Here I am using normal equation for predicting data with two different methods..(Matrix Multiplication :) )
Linear regression is a method for modeling the relationship between two scalar values: the input variable x and the output variable y.
The model assumes that y is a linear function or a weighted sum of the input variable.
y = f(x)
Or, stated with the coefficients.
y = b0 + b1 . x1
The model can also be used to model an output variable given multiple input variables called multivariate linear regression (below, brackets were added for readability).
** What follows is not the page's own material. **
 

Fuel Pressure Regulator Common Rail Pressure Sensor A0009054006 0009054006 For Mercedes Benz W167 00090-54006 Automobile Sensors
y = b0 + (b1 . x1) + (b2 . x2) + ...
The objective of creating a linear regression model is to find the values for the coefficient values (b) that minimize the error in the prediction of the output variable y.
x11, x12, x13
X = (x21, x22, x23)
x31, x32, x33
x41, x42, x43
b1
b = (b2)
b3
y1
y = (y2)
y3
y4
Reformulated, the problem becomes a system of linear equations where the b vector values are unknown. This type of system is referred to as overdetermined because there are more equations than there are unknowns, i.e. each coefficient is used on each row of data.
It is a challenging problem to solve analytically because there are multiple inconsistent solutions, e.g. multiple possible values for the coefficients. Further, all solutions will have some error because there is no line that will pass nearly through all points, therefore the approach to solving the equations must be able to handle that.
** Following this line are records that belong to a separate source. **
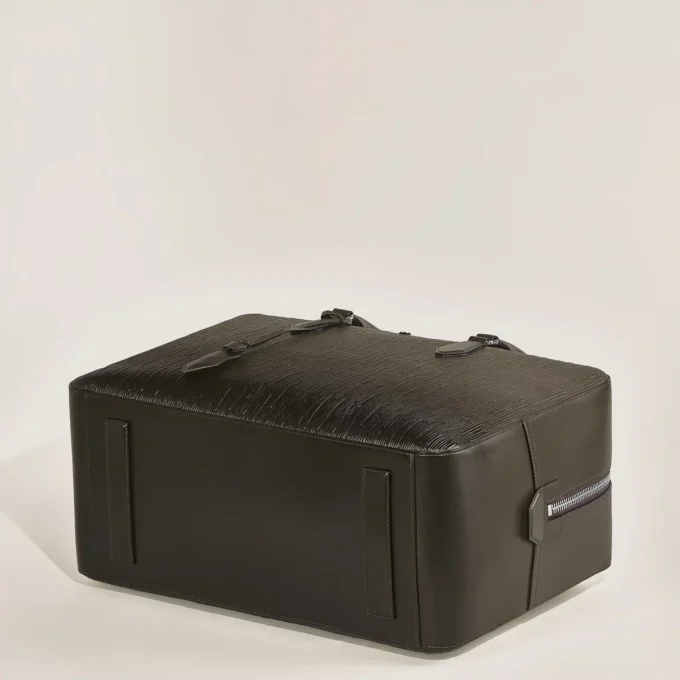 Bolso Montblanc 149 Bolso Montblanc 149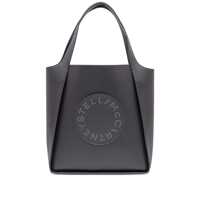 Genti de umar Stella McCartney W/Tote Bags Logo Femei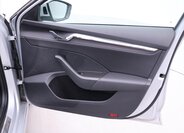 Škoda Octavia Kombi 1,5 l 110 kw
The way this is typically achieved is by finding a solution where the values for b in the model minimize the squared error. This is called linear least squares.
||X . b - y||^2 = sum i=1 to m ( sum j=1 to n Xij . bj - yi)^2
X^T . X . b = X^T . y
This can be re-arranged in order to specify the solution for b as:
b = (X^T . X)^-1 . X^T . y
This can be solved directly, although given the presence of the matrix inverse can be numerically challenging or unstable.
# solve directly
from numpy import array
from numpy.linalg import inv
from matplotlib import pyplot
data = array([
[0.05, 0.12],
[0.18, 0.22],
[0.31, 0.35],
[0.42, 0.38],
[0.5, 0.49],
])
X, y = data[:,0], data[:,1]
X = X.reshape((len(X), 1))
# linear least squares
b = inv(X.T.dot(X)).dot(X.T).dot(y)
print(b)
# predict using coefficients
yhat = X.dot(b)
# plot data and predictions
pyplot.scatter(X, y)
pyplot.plot(X, yhat, color='red')
pyplot.show()